The Evidence for Contraceptive Options and HIV Outcomes Trial

Status:
Completed

Trial end date:
2018-10-31

Target enrollment:
0

Participant gender:
Female

Summary

The ECHO Study is an open-label randomized clinical trial that will compare three highly effective, reversible methods of contraception (including a non-hormonal method) to evaluate whether there is a link between use of any of these methods and increased risk of acquiring HIV infection.
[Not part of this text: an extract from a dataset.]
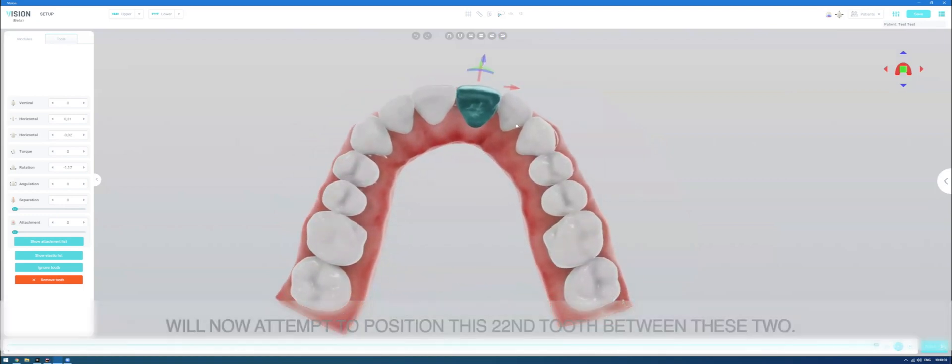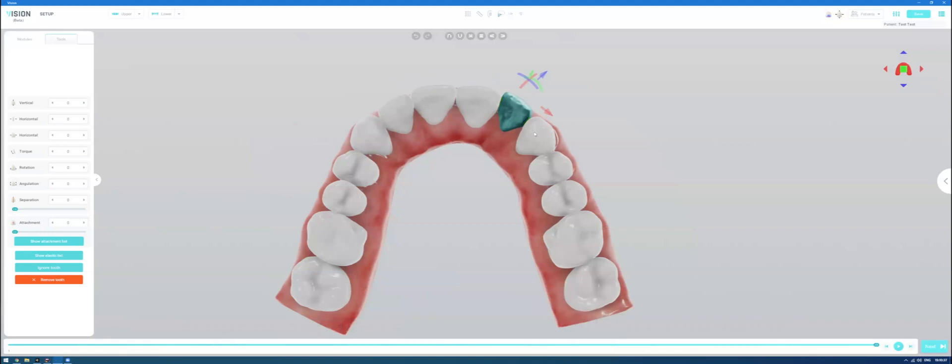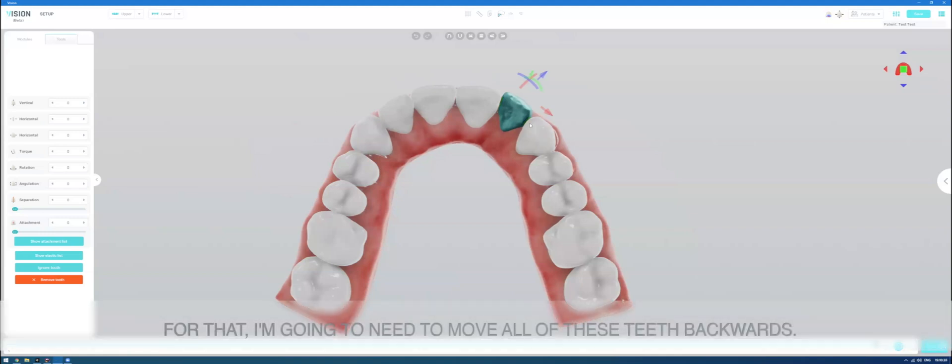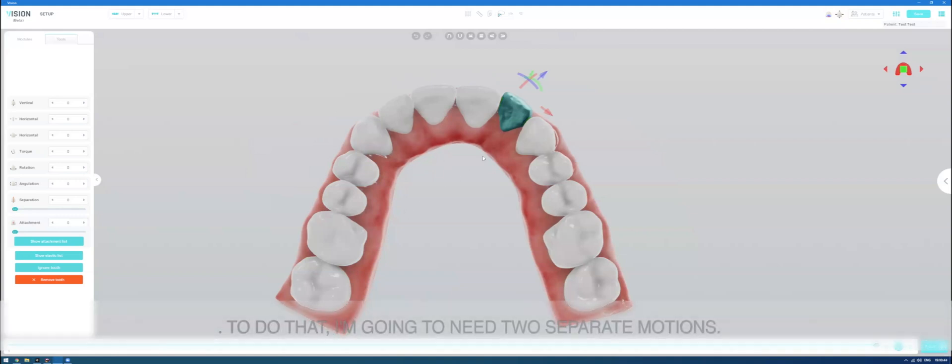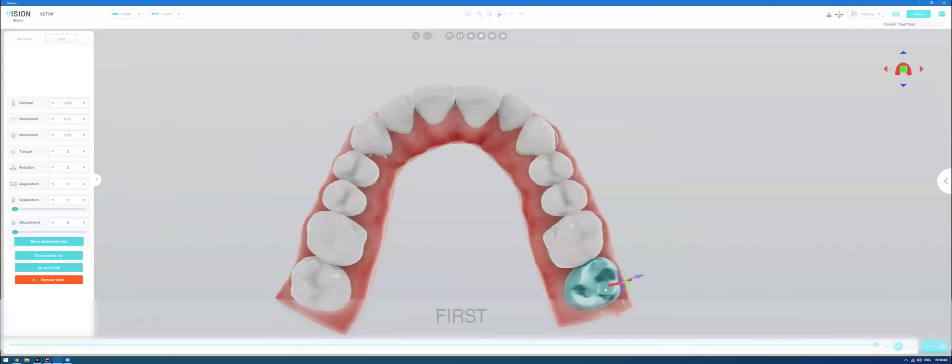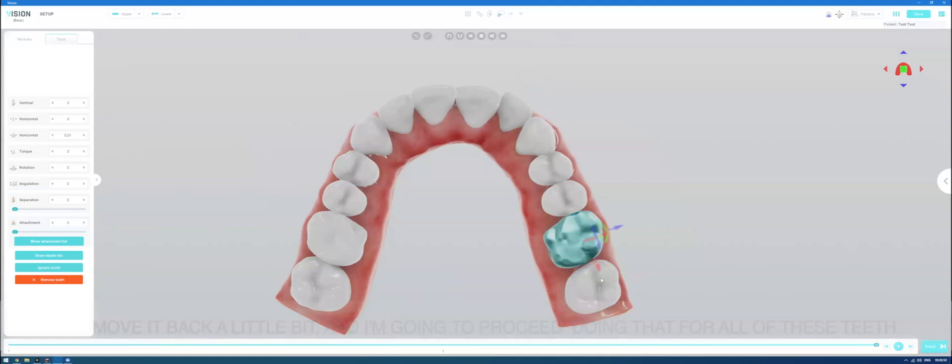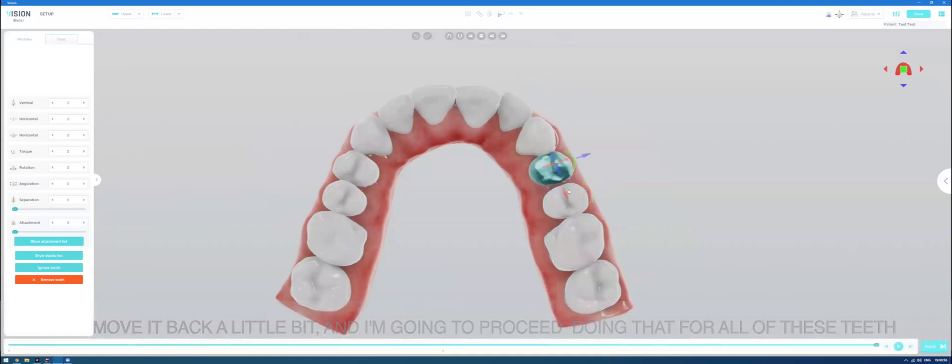I will now attempt to position this 22nd tooth between these two. But for that purpose, I'm going to need to move all of these teeth backwards. To do that, I'm going to need two separate motions. I will first select this tooth, move it back a little bit and I'm going to proceed doing that for all of these teeth.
A randomized clinical trial among about 7,800 women in four countries, ECHO will deliver evidence to support and guide individual, policy and programmatic decisions on contraception for women at risk of acquiring HIV infection.

Phase:

N/A

Accepts Healthy Volunteers?

Accepts Healthy Volunteers

Details

Lead Sponsor:

FHI 360

Collaborators:

Effective Care Research Unit
Emavundleni Research Centre
Family Life Association of Swaziland
ICAP Columbia University
Kenya Medical Research Institute
Madibeng Centre for Research
Maternal Adolescent and Child Health Research
Qhakaza Mbokodo Research Clinic
Setshaba Research Centre
The Aurum Institute NPC
University of North Carolina at Chapel Hill Division of Global Women’s Health
University of North Carolina, Chapel Hill
University of Washington
Wits Reproductive Health and HIV Institute
World Health Organization

Treatments:

Contraceptive Agents
Copper
Levonorgestrel
Medroxyprogesterone
Medroxyprogesterone Acetate

Criteria

Inclusion Criteria:

- 16-35 years of age (previously pregnant 16 and 17 year olds, where permissible by
national regulations and local IRB approval)

- HIV-seronegative

- Wants to use effective contraception

- Is able and willing to provide written informed consent

- Agrees to be randomized to either DMPA, LNG implant, or copper IUD

- Agrees to use assigned method for 18 months

- Agrees to follow all study requirements

- Intends to stay in the study area for the next 18 months, and willing and able to
provide adequate locator information

- If has had a recent third trimester birth, is at least 6 weeks postpartum

- Is sexually active (has had vaginal sex within the last 3 months) or was pregnant
within the last 3 months

- Agrees not to participate in studies of drugs or vaccines or any other clinical
research study while participating in this study.

Exclusion Criteria:

- Reported medical contraindications (WHO MEC Category 3 or 4) to DMPA, LNG implant, or
copper IUDs, including: recent septic abortion; suspicious unexplained vaginal
bleeding; breast, cervical, uterine, or ovarian cancer; high BP or heart disease,
venous thromboembolism, stroke, or diabetes; liver disease or liver tumours; use of
liver enzyme inducing medications

- Is found to have pelvic tuberculosis or uterine fibroids with distortion of the
uterine cavity on pelvic exam

- Has untreated mucus and purulent cervicitis on exam, untreated pelvic inflammatory
disease (PID), or untreated known gonorrhea or chlamydia

- Has received a DMPA or NET-En injection in the last 6 months

- Has used an implant or an IUD in the last 6 months

- Is pregnant or intending to become pregnant in the next 18 months

- Has had a hysterectomy or sterilization

- Has previously participated in the study

- Has any condition (social or medical) which in the opinion of the investigator would
make study participation unsafe or complicate data interpretation.